▶ [What to produce]: Repeat only the stretch of lines below that runs from the line with "ERUPTION GREEN METALLIC" through the line with "Mercedes E-Class W212", unaltered.

[Brief descriptive captions]

++++++++++++++++++++

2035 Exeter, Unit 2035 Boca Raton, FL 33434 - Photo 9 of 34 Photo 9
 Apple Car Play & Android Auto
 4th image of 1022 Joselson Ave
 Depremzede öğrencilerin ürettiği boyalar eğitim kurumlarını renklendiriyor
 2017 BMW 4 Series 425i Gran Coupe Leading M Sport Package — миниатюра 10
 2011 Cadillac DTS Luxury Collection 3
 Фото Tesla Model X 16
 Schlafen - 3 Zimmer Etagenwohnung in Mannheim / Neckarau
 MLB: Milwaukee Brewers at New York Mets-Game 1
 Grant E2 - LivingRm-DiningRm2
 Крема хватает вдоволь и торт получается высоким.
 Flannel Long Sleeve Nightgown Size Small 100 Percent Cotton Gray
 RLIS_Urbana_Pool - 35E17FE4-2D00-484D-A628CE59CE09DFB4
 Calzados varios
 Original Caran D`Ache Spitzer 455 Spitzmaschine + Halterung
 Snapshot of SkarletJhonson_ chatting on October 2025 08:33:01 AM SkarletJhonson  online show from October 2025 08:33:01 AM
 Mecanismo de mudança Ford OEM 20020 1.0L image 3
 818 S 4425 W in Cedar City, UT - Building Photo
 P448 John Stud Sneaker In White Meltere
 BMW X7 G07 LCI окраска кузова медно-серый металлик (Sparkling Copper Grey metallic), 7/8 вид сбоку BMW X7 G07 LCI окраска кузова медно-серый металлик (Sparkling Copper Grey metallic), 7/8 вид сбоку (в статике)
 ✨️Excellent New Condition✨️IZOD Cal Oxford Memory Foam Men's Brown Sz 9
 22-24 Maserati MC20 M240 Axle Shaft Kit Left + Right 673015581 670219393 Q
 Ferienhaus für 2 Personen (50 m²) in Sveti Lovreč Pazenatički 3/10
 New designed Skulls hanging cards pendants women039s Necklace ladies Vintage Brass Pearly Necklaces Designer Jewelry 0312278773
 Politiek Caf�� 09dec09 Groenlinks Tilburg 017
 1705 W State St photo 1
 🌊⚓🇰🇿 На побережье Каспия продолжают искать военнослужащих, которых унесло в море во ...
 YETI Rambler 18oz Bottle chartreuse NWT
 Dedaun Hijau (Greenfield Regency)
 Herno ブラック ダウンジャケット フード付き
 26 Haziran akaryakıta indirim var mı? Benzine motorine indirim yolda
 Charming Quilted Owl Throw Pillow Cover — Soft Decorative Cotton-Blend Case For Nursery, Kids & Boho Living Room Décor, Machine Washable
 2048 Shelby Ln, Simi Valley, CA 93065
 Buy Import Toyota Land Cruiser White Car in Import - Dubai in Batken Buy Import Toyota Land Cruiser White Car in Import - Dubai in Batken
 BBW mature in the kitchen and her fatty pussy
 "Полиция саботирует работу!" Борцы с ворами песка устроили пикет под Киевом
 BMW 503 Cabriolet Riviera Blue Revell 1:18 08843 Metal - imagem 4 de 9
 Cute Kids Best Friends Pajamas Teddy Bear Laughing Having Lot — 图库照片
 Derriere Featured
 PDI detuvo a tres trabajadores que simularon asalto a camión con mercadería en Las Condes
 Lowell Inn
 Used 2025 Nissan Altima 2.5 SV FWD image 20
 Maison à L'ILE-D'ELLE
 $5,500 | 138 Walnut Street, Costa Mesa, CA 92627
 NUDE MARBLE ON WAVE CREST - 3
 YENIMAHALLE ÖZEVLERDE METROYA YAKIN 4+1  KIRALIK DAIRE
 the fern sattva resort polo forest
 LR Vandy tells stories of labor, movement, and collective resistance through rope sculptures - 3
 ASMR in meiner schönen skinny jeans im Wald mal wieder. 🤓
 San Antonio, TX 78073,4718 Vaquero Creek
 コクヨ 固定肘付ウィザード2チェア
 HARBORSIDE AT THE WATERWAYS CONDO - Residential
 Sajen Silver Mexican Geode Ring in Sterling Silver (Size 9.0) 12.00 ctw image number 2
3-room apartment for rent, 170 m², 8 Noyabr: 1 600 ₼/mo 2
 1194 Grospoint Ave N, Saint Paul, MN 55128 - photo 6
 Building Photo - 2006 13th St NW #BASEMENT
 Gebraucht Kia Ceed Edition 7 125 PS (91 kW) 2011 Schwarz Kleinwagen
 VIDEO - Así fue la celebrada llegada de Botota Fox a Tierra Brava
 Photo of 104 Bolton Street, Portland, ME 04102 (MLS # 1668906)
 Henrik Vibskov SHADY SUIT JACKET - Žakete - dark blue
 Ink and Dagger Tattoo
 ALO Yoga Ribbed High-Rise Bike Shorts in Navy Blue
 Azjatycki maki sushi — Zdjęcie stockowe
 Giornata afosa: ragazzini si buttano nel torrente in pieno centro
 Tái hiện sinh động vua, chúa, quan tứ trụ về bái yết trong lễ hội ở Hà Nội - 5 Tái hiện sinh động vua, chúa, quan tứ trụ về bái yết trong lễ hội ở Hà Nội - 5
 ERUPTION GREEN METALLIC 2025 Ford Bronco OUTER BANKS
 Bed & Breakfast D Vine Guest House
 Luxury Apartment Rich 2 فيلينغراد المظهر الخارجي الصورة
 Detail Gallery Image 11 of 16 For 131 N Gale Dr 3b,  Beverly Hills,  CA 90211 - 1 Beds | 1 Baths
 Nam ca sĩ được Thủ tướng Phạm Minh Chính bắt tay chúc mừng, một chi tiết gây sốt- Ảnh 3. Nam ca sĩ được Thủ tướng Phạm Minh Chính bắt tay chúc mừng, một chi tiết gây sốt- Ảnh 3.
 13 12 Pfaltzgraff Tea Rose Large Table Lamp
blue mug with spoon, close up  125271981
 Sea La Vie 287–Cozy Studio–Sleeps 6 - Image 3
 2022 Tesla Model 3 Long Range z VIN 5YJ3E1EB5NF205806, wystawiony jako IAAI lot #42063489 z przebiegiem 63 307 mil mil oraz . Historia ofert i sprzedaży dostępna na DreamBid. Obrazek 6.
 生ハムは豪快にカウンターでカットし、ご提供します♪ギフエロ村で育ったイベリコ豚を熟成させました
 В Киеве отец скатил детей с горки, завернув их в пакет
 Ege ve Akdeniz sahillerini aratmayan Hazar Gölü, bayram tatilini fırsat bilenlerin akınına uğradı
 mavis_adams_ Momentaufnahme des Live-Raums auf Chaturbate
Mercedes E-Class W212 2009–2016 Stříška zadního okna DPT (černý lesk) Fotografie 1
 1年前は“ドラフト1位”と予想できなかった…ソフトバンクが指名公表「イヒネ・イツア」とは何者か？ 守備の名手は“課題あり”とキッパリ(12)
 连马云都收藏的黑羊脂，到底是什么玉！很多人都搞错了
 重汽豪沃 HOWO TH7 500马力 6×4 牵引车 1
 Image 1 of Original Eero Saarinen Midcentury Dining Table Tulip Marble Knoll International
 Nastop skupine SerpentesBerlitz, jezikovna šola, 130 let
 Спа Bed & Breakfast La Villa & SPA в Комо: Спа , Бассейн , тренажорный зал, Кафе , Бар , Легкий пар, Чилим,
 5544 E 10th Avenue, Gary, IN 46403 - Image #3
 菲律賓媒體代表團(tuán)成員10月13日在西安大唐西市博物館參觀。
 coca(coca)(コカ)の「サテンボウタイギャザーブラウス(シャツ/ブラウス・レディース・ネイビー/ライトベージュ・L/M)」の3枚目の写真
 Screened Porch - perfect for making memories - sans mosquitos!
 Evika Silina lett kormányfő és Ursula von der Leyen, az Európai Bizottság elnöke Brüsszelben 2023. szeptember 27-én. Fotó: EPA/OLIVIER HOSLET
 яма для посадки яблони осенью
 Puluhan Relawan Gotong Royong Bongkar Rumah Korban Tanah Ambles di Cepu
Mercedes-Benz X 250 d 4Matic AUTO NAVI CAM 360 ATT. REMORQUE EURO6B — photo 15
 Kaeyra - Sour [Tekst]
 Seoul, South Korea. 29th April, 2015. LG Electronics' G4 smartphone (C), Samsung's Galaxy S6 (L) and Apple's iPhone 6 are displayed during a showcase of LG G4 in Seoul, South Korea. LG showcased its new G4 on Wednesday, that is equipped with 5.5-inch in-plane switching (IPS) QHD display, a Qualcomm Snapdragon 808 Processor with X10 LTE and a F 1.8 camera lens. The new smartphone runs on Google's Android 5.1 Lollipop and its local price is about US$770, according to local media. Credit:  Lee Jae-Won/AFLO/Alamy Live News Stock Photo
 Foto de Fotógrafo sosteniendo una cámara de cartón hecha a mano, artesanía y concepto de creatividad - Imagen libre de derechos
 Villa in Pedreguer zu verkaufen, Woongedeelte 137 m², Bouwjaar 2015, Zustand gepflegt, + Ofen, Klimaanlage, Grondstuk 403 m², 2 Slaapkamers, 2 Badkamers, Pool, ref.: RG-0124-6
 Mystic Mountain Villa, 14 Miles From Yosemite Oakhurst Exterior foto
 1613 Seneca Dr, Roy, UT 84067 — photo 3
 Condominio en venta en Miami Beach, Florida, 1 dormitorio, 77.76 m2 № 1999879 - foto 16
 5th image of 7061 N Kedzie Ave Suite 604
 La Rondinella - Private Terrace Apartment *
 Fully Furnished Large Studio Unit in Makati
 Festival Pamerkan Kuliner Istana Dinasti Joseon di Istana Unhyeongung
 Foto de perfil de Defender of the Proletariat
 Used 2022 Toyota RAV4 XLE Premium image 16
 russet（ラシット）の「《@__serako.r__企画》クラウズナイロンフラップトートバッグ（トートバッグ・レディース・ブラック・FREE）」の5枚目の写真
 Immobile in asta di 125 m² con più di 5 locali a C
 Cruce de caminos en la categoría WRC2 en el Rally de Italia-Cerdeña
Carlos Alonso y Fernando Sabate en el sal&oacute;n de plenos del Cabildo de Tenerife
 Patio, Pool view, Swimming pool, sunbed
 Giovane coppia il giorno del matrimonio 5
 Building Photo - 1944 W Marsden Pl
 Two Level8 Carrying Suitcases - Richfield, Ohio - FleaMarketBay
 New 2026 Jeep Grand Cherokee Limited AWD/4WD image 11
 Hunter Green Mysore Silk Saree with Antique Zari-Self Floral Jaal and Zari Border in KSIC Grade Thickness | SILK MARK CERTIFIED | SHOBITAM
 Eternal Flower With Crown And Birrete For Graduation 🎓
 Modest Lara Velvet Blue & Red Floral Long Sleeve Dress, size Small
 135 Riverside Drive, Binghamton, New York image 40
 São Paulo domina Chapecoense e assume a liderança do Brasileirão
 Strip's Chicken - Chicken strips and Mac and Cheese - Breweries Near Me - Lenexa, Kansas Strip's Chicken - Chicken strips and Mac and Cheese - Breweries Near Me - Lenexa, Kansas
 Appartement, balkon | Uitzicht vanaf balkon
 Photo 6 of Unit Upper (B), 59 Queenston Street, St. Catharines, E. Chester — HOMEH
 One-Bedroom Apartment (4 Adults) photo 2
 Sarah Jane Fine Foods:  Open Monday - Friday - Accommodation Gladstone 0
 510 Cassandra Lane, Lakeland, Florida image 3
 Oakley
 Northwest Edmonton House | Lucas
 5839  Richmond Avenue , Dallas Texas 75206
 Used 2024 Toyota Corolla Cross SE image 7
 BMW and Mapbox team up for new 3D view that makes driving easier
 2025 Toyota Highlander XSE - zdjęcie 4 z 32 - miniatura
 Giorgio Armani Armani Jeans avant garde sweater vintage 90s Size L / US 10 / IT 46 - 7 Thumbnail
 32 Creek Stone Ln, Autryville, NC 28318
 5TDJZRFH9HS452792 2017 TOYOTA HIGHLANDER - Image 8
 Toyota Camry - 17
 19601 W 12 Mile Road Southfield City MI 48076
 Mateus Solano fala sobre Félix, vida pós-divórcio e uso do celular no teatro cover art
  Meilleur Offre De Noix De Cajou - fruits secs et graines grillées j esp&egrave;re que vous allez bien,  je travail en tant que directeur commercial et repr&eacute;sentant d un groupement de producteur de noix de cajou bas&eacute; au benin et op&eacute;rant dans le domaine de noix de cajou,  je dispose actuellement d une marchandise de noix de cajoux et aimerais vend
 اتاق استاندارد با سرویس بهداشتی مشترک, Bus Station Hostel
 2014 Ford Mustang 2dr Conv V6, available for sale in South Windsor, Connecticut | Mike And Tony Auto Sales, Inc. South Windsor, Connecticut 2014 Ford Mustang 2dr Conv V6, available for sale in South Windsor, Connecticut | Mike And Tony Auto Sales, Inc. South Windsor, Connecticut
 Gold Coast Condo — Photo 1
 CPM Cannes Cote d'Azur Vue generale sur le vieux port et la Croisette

++++++++++++++++++++

▶ [Answer space]:
 ERUPTION GREEN METALLIC 2025 Ford Bronco OUTER BANKS
 Bed & Breakfast D Vine Guest House
 Luxury Apartment Rich 2 فيلينغراد المظهر الخارجي الصورة
 Detail Gallery Image 11 of 16 For 131 N Gale Dr 3b,  Beverly Hills,  CA 90211 - 1 Beds | 1 Baths
 Nam ca sĩ được Thủ tướng Phạm Minh Chính bắt tay chúc mừng, một chi tiết gây sốt- Ảnh 3. Nam ca sĩ được Thủ tướng Phạm Minh Chính bắt tay chúc mừng, một chi tiết gây sốt- Ảnh 3.
 13 12 Pfaltzgraff Tea Rose Large Table Lamp
blue mug with spoon, close up  125271981
 Sea La Vie 287–Cozy Studio–Sleeps 6 - Image 3
 2022 Tesla Model 3 Long Range z VIN 5YJ3E1EB5NF205806, wystawiony jako IAAI lot #42063489 z przebiegiem 63 307 mil mil oraz . Historia ofert i sprzedaży dostępna na DreamBid. Obrazek 6.
 生ハムは豪快にカウンターでカットし、ご提供します♪ギフエロ村で育ったイベリコ豚を熟成させました
 В Киеве отец скатил детей с горки, завернув их в пакет
 Ege ve Akdeniz sahillerini aratmayan Hazar Gölü, bayram tatilini fırsat bilenlerin akınına uğradı
 mavis_adams_ Momentaufnahme des Live-Raums auf Chaturbate
Mercedes E-Class W212 2009–2016 Stříška zadního okna DPT (černý lesk) Fotografie 1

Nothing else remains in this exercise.